There’s some logs you can check, like hostd.log, vmkernel.log, etc. but they didn’t tell me much, either. (If you want to check these they’re in /var/log and the most convenient way I’ve found is to use:
# tail -n <number of lines> <name of log file>

But here’s the thing – no matter how many times I tried to reconnect, I was unable.
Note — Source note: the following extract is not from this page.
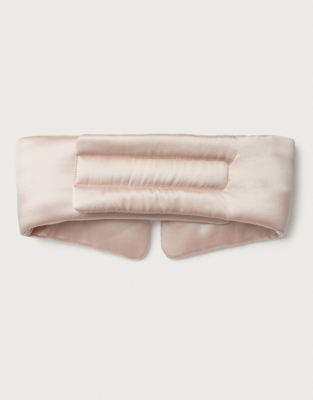 Silk Pillow Eye Mask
I could, however, reconnect the datastore as long as I gave it a different name

Finally after a while it dawned on me that the share still existed (although it did not show up in):
# esxcli storage nfs list

That was the whole reason I couldn’t re-create it – ESXi thought it was still there although it wasn’t giving me any real indication (only the failed attempt to manually re-connect)

Tl;dr – to Fix the issue,

  1. Remove any references to your phanton NFS datastore – remove any HDDs that reference it, any ISO files (connected or not), remove VMs from your inventory that are imported from it.
  2. Remove the NFS share link from SSH using the command:
    # esxcli storage nfs remove -v <phantom datastore name>
    (note, the -v will give you a little more feedback)
  3. At this point I decided to reboot, but if you can probably just restart the agents from the DCUI: https://kb.vmware.com/s/article/1003490
  4. Now you should be able to re-connect your NFS datastore, with the same name and everything.

If you have any VMs on the datastore, ISOs, vHDDs, etc. you need to re-connect, now you should be able to without any problem.